What is boggling is that these structures were built at all, and that their architects made a career of designing them. Harris, the writer of the popular blog Less Eminent Victorians, delves into this mystery, deducing what he can about the clients, lives, and motivations of these curious architects. By doing so, he gives us new insight into Victorian culture.
The book is full of characters with names like Sextus Hexagon Dyball and Clapton Crabbe Rolfe. It puts one in mind of seedy pubs, opium dens, and the Flashman novels.
Some of the buildings discussed truly feel astonishingly “off”, such as St George, Clapham, with its ceiling beams decorated with notches that, to me at least, evoke a giant yawning mouth full of sharp teeth. Many of the buildings, having for some reason been demolished, can only be illustrated with black-and-white prints in an Edward Gorey style.
Before reading this book, I had mainly encountered such rogue Gothic in America, where I had assumed it was a product of having read Ruskin without ever having seen a Gothic church. Undoubtedly, much American Gothic of this period is very good, such as the work of Frank Furness or William Appleton Potter, yet there has always seemed a surfeit of piled-up crashed-together compositions like the work of Willoughby Edbrooke or the strange Wizard of Oz courthouses found in so many American town squares.
But Harris reveals that lots of architects were doing this on purpose. And they were even doing it in Britain, where they had plenty of examples of real medieval architecture and elegant Gothic Revival close at hand.
These architects undoubtedly had brio. They had vigour and go.

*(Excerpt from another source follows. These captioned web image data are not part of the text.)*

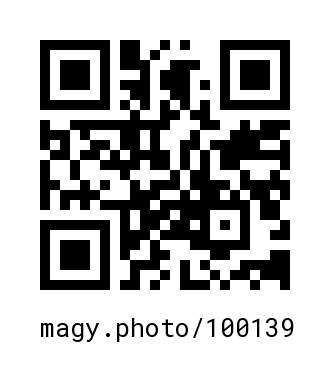 QR Code #100139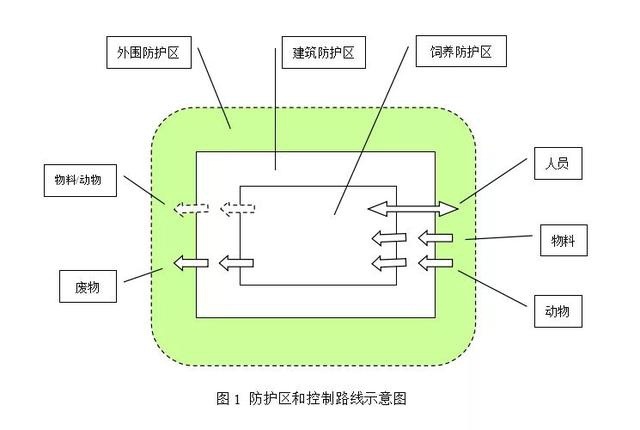 關於動物房美女黄色网址建設的規範方案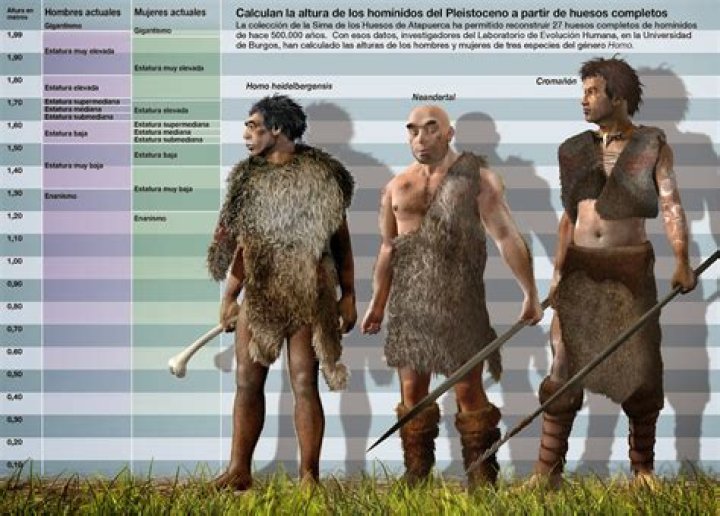Denisovans Height And Weight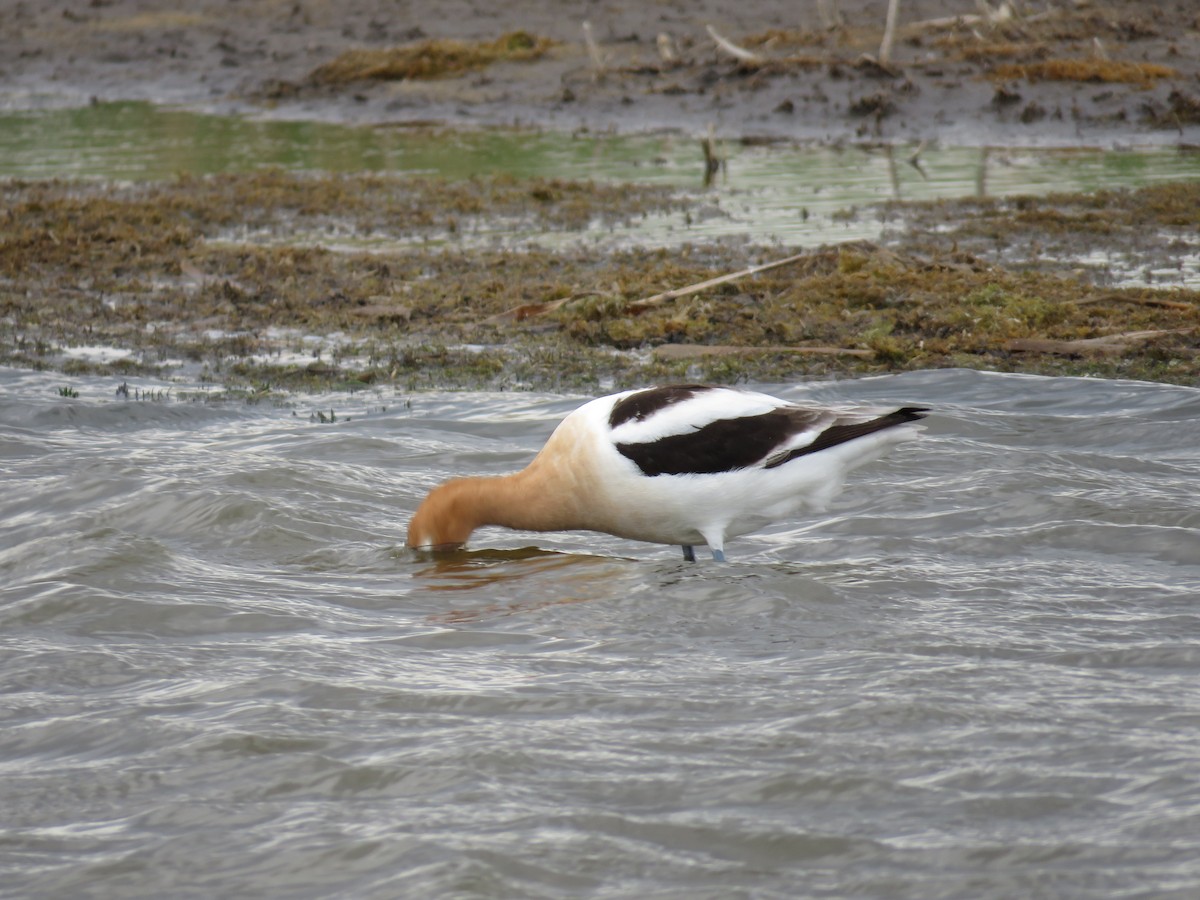 Avoceta Americana - ML29141661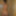 Kinky beauty masturbates in the shower for me #21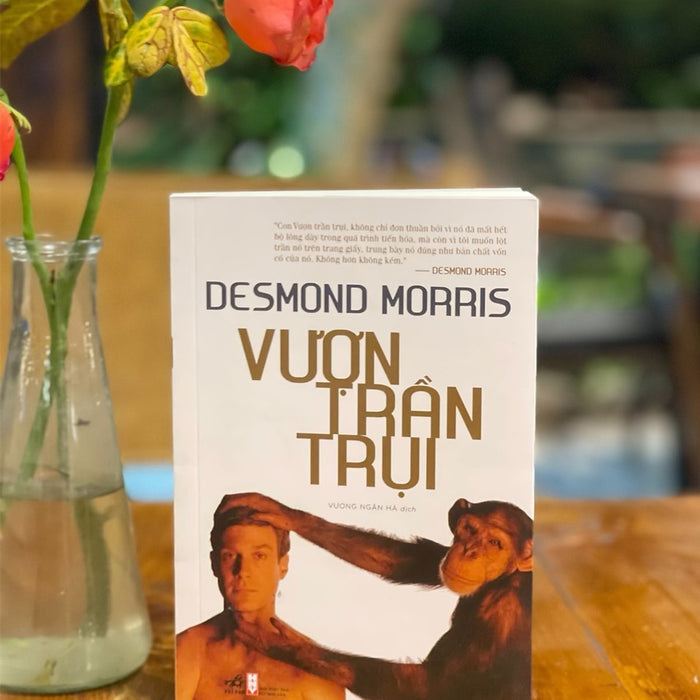 Vượn Trần Trụi – Desmond Morris – Vương Ngân Hà Dịch – Nhã Nam – Nxb Hội Nhà Văn (Bìa Mềm)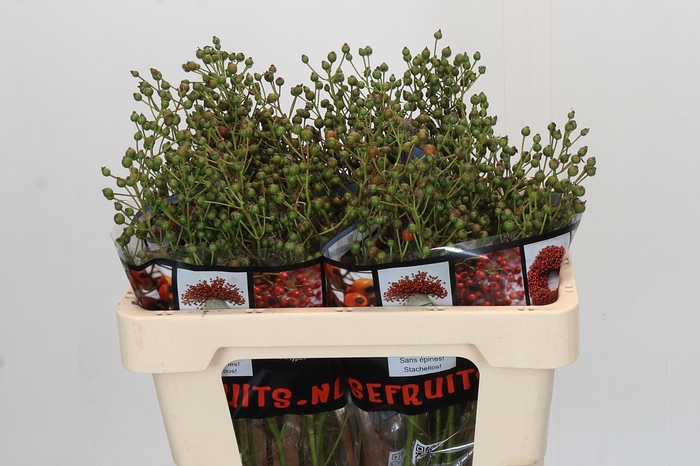<h4>ROSA AUT ROSEFRUITS</h4>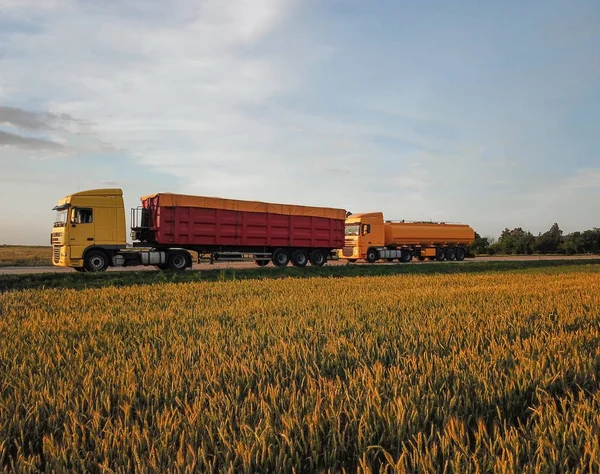Caminhões modernos brilhantes na estrada perto do campo de trigo — Fotografia de Stock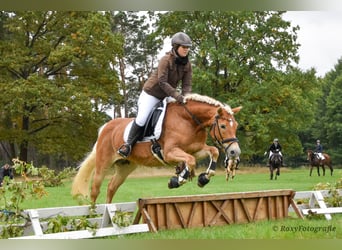 Haflinger / Avelignese, Giumenta, 15 Anni, 152 cm, Sauro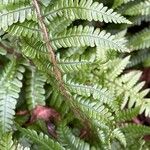 Dryopteris affinis Lapas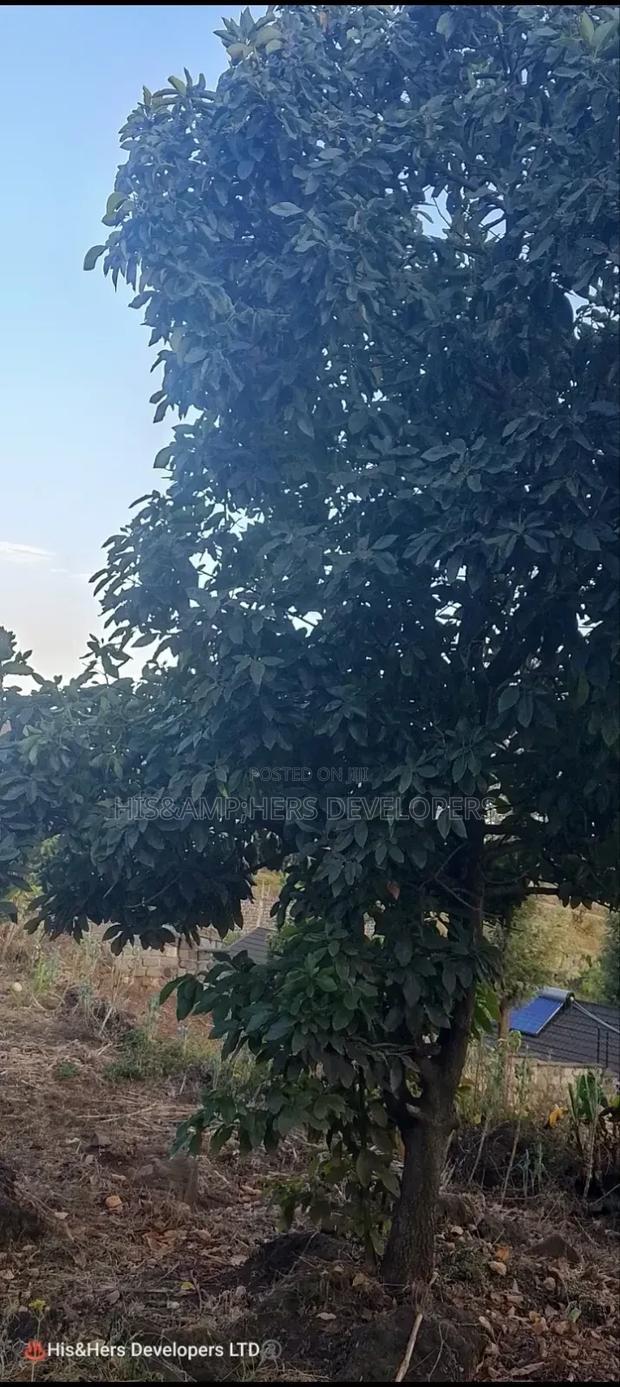 Quick Sale !! 1/2 Acre in Milimani Nakuru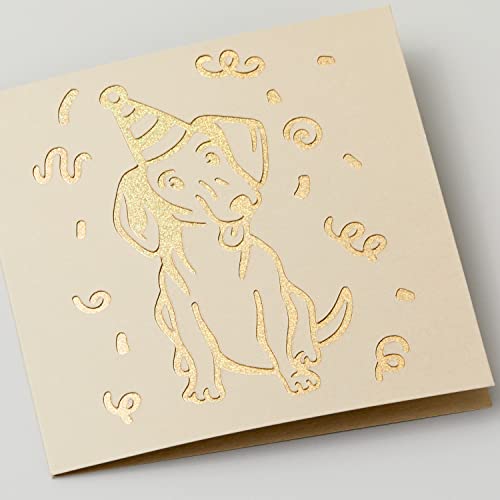 Cricut Cutaway Cards R10, Intricately Design Birthday Cards, Thank You Cards, Custom Greeting Cards, Holographic Backer, Compatible with Cricut Cricut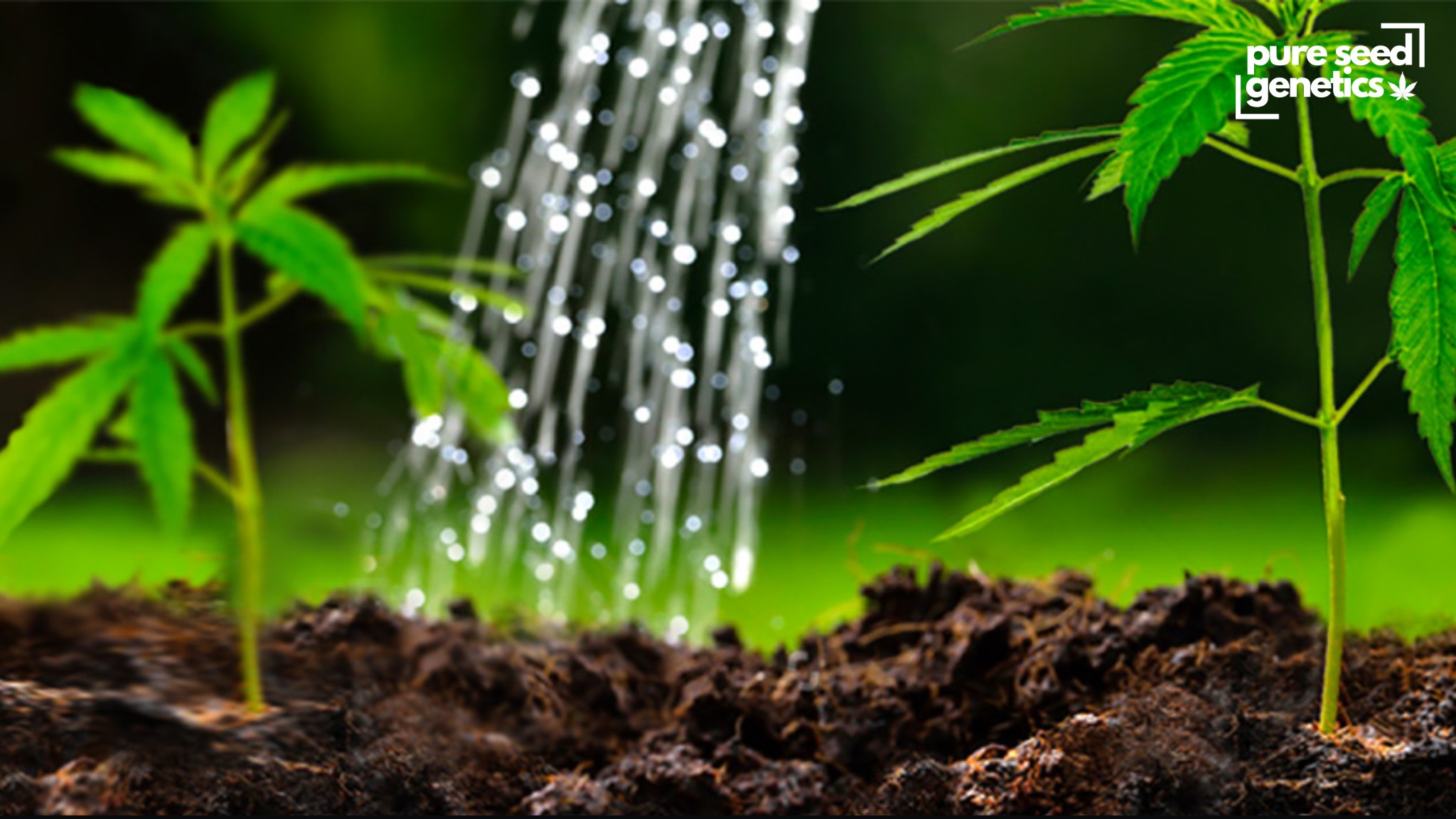 How To Water Cannabis Plants: A Comprehensive Guide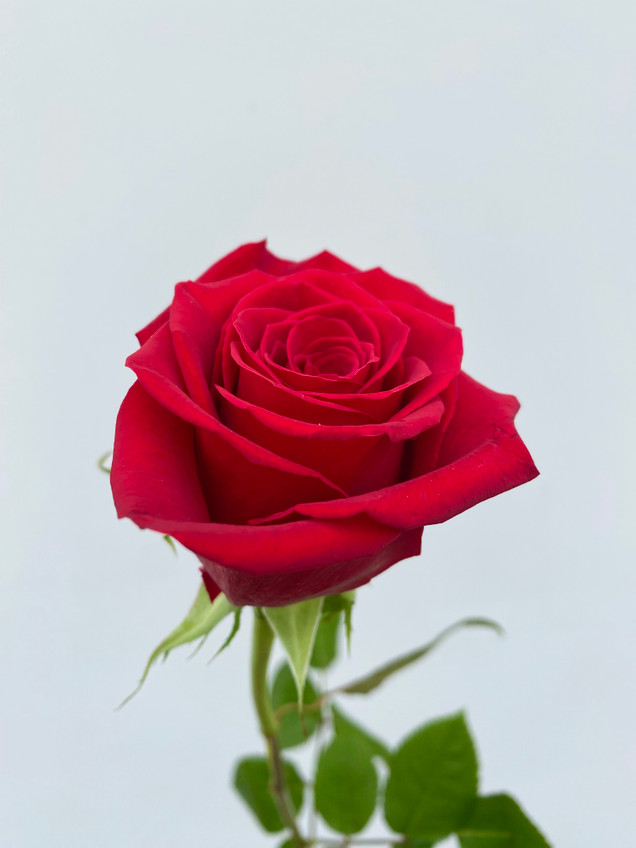 Freedom Roses (Red) - 25 stems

What is boggling is that these structures were built at all, and that their architects made a career of designing them
And some of these wild practitioners of untamed Gothic were quite good despite it all – S.S. Teulon, for instance. Harris chooses to focus on three of the more questionable ones, for the simple reason that we are more likely to learn something unexpected, and because, in their way, they are the most fun.
In the end, was the Strand Music Hall as bad as its critics made out? The entire auditorium ceiling was constructed of panels of stained glass, and the gas jets shining through its kaleidoscope of patterned and jewel-cut surface were the sole source of nighttime illumination. Even its detractors had to admit that the effect was interesting.
Another point in its favour was that the carving of its façade was executed by James O’Shea, the craftsman of some of the finest architectural stonework of the era, including many of the capitals of the Oxford Museum. Some of its “puerilities” must have at least been entertaining.
In the end, however, the venue did not prove popular and had to close after only two years. Did the intensity of the architecture contribute to its failure? It is hard to say.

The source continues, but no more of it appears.